One of the conflicts in Paper Towns is the conflict that Quentin feels between being a conventional and what he calls a "well adjusted" (page 6) rule follower on one hand and following what Margo does on the other hand. Even when they are nine and discover a dead body in their neighborhood, Margo wants to investigate, while Quentin wants to go home. When Margo forces Quentin to accompany him on a night of pranks to avenge what some of her friends have done to her, he is an unwilling accomplice. At the end of the book, even though Quentin has deviated from his routine to find Margo, he decides to return to his life rather than accompany Margo on her journey to New York City. In the end, Quentin decides to follow a more conventional life path rather than follow Margo on her uncharted adventures.

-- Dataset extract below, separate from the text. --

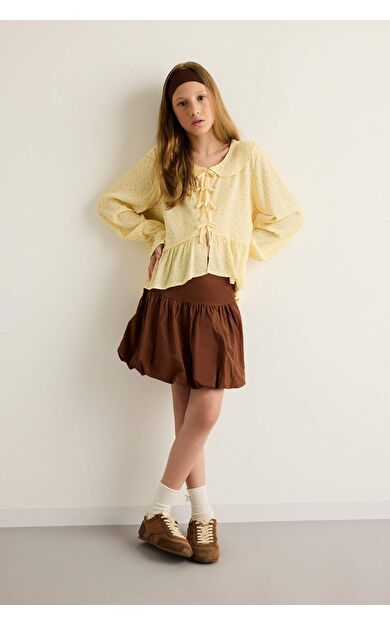 Kız Çocuk Poplin Etek F7077A825AUBN319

Margo, for her part, feels a conflict between what she is supposed to do and what she wants to do. Her conflict arises because she feels ill at ease in society and disconnected from the people around her, and her obsession with paper towns has to do with the superficiality she finds in her friends and family. She first calls Orlando a paper town (page 56), and then she becomes obsessed with finding these towns, which only exist on the map. When these towns appear in encyclopedias or on maps, they are intended to catch people who plagiarize or copy the maps without permission. For Margo, these towns represent the falseness in people she sees around her. Her reaction to this conflict is to continue to run away from home, eventually to a paper town in New York state and then to New York City. She has not necessarily resolved this conflict by the end of the novel, but she has made a real connection with Quentin that is different than the kinds of connections she had in Florida.
Of course, as with any longer narrative such as a novel, there are more than one conflict, internal as well as external. But, the main conflict that propels most of the narrative is the condition of the relationship between Quentin and Margo.
After being childhood friends, Quentin Jacobsen, the protagonist, loses touch with Margo Spiegelman; however, Margo Spiegelman, re-appears one night at Quentin's house, inducing him to join her on a night of vandalism as acts of revenge. The two teens succeed in their daring mission which includes breaking into Sea World; however, after Quentin returns home and tiptoes to his room, his mind "booming with the things I would say to her at school" the next few days, he discovers that his childhood friend is missing.
Nonetheless, Margo has left some clues behind; so, Quentin elicits the aid of his friends Marcus, "Radar," Lacey, and Ben to help him find Margo. Having found Walt Whitman's volume of poems, Leaves of Grass, Quentin discovers clues to Margo's whereabouts, such as a map with holes that lead him to Algoe, New York. Along the way, there are some serious conflicts among the friends, even ones which could possibly lead "to the death of everyone," but all these conflicts are resolved when Quentin and his friends arrive and find Margo, who is writing in a black notebook. Surprised that they have traced her, Margo begins to explain. The final paragraph provides the resolution to the novel:
I feel her hands on my back. And it is dark as I kiss her, but I have my eyes open and so does Margo....even now there is an outward sign of the invisible light....our foreheads touch as we stare at each other. Yes I can see her almost perfectly in this cracked darkness.
Both Margo and Quentin have been wounded from their young experience of discovering Robert Joyner, who had killed himself in a park. But, now together "in this cracked darkness" of memory and trauma from their youth, they can heal each other.
The most significant conflict in the novel is the internal that both Quentin and Margo share. When they are both nine years old, they discover the body of a man who had died by his own hand lying in the park they had gone to play in. The rest of the story is about the internal conflict of how and how well they each adjust to this traumatic event.